Task = Report only how many lines in the listing below contain the string "Shoreline".

Provided records =
_ _ _
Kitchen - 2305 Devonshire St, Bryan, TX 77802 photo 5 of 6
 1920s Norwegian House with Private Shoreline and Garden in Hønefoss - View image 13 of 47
_ _ _
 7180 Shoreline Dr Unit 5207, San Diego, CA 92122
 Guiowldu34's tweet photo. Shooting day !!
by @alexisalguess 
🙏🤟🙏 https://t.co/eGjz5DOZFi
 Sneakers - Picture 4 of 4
_ _ _
Answer space = 2